Like Paul Thomas Anderson’s love letter to the seedy porn of Los Angeles’ Golden Age in Boogie Nights (1997), Phantom is interested in the people, places, and things that made up a world De Palma longed for. Swan’s crisp suits, greased smile, and mirrored full of writhing women act as garish dreams of an outsider looking in. This is De Palma fogging the window to rock n’ roll’s hedonistic delights.
There’s also a dark side, as De Palma exposes the sadism of the business behind the music. Jessica Harper’s Phoenix is cruelly buffeted from humiliation to humiliation before her big break, her wide-eyed wonder at every abuse and opportunity acting as a first verse to the song she would later dance to in Dario Argento’s Suspiria (1978). Swan’s appetites don’t just limit themselves to sex, money, and fame. He craves eternal youth and the domination of others, the way artists can become predators when corrupted by the business.
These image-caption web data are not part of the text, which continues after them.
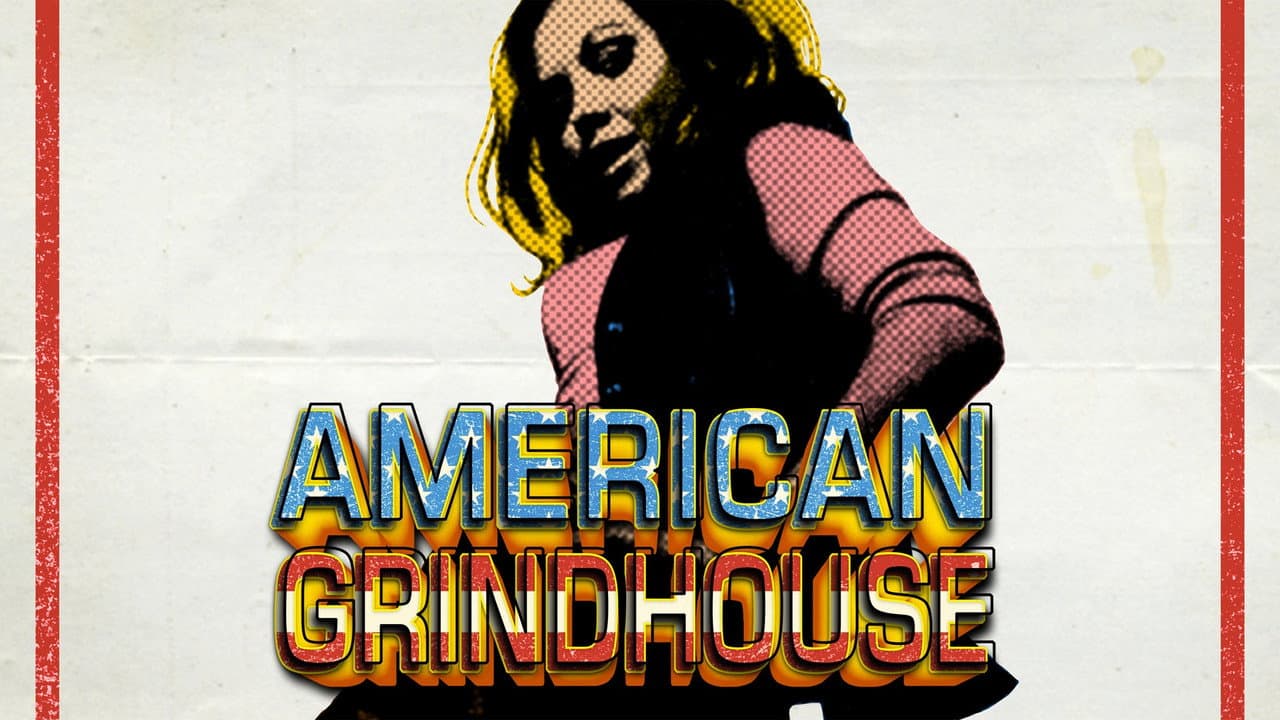 American Grindhouse still 2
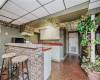 46 Buttonwood Road, Staten Island, New York 10304, 4 Bedrooms Bedrooms, ,5 BathroomsBathrooms,Residential,For Sale,Buttonwood,492903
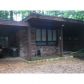 1491 Emory Road, Atlanta, GA 30306 ID:7587566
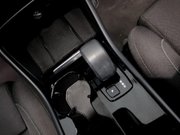 Volvo C40 Recharge 69kWh Core SUV 5dr Electric Auto (231 ps) Cruise Control - DAB Ra 16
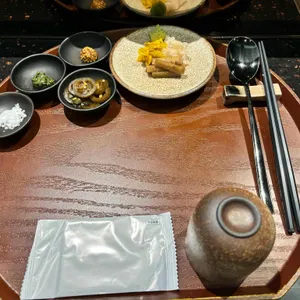 목연 사진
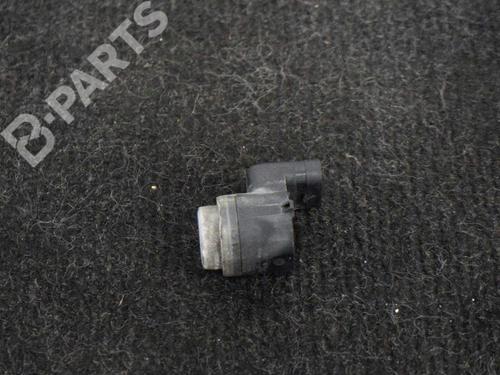 Elektronisk modul AUDI A7 Sportback (4GA, 4GF) 3.0 TDI (204 hp) 6759120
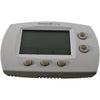 NEW Honeywell TH5320R1002 FocusPRO 5000 Wireless Digital Thermostat 2H/2C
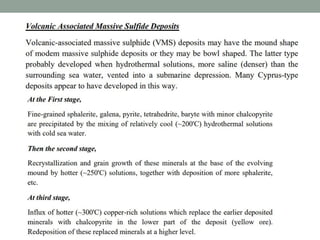 Introduction to Geodynamics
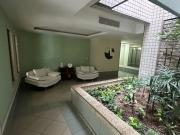 Imóvel para venda tem 110 metros quadrados com 4 quartos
Brian De Palma lends his usual idiosyncratic style to Phantom of the Paradise while also bowing to both the musical and the rock music scene as style elders. It’s a dark, violent mood symphony as funny as it is emotionally harrowing. We decide an auteur’s success by his riskiest endeavors and this is Brian De Palma’s masterpiece.
Perfect Double Feature: Nothing skewers showbiz Peter Jackson’s pre-Lord of the Rings sex, drugs, and puppets trash anthem. The only double-feature candidate is Meet the Feebles (1989).